BYP MEMO: Voter ID Laws Disproportionately Impacted Black and Latino Youth in 2012 Election
Today the Black Youth Project released its latest memo: “Black and Latino Youth Disproportionately Affected by Voter Identification Laws in 2012 Election.”
The new analysis finds that voter identification laws are applied unevenly across racial groups and have significant discriminatory effects on Latino and Black youth.
The results underscore the importance of Section 5 of the Voter Rights Act, which requires states with a history of discrimination to receive pre-clearance from the Justice Department before implementing voting law changes.
The Justice Department had voter ID laws in South Carolina and Texas struck down, but the Voting Rights Act provision faces a challenge in the Supreme Court.

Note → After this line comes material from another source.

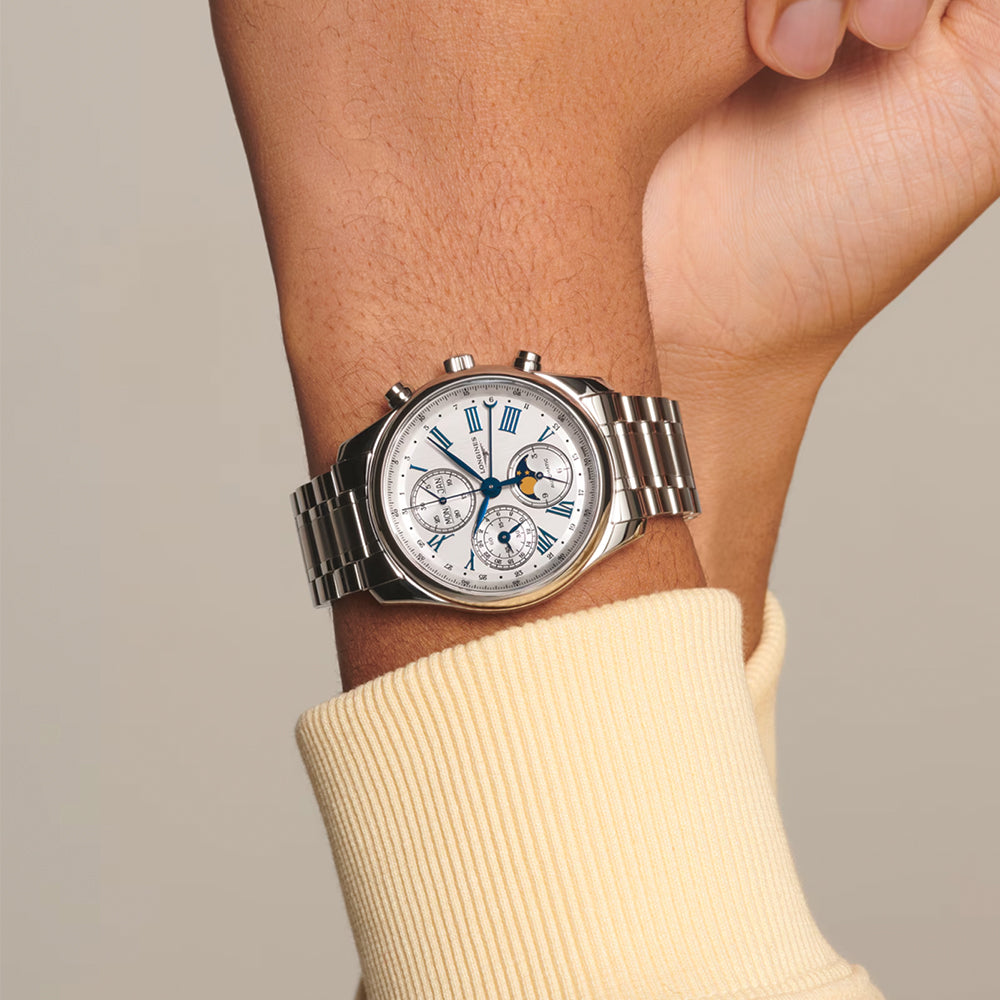 Master Collection Chrono Moonphase 40mm - Silver on Bracelet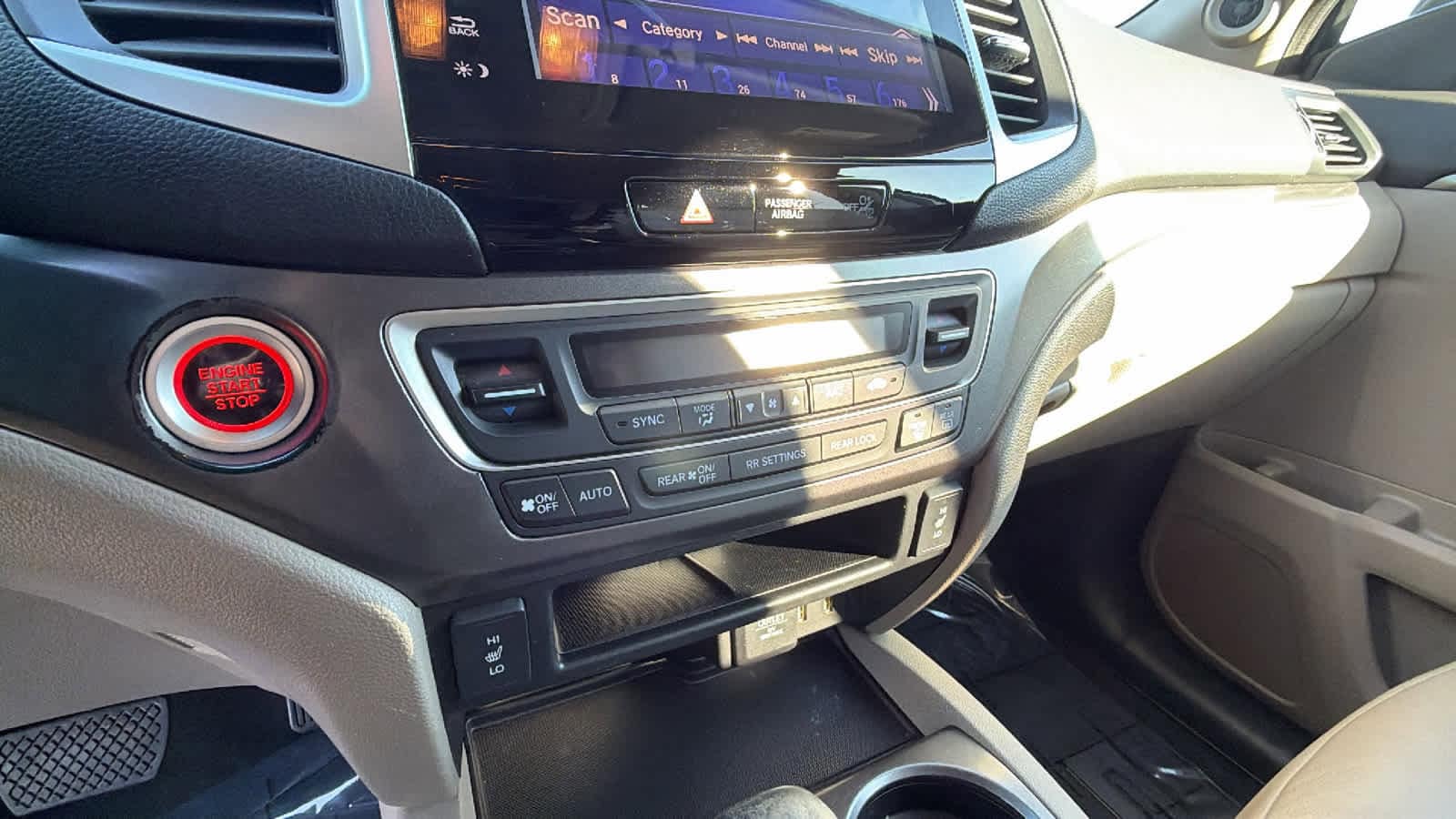 Thumbnail: 2017 Honda Pilot - 14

Specifically, research showed that:
- Nearly three-quarters (72.3 percent) of young Black voters were asked for some form of identification, compared with 50.8 percent of young white voters and 60.8 percent of young Latino voters.
- Young Black (64.5 percent) and Latino (57.0 percent) voters were considerably more likely to be asked to show photo identification to vote compared to young white voters (42.2 percent).
- Nearly two-thirds (65.5 percent) of Black youth were asked to show identification in states without ID requirements, compared with 55.3 percent of Latino youth and 42.8 percent of white youth.
- In states with voter identification laws, higher percentages of Black youth (94.3 percent) were asked for ID compared with Latino (81.8 percent) and white (84.3 percent) youth.
“Black and Latino Youth Disproportionately Affected by Voter Identification Laws in 2012 Election” is the eighth in a series entitled Democracy Remixed: Black Youth and the Future of American Politics released by the Black Youth Project.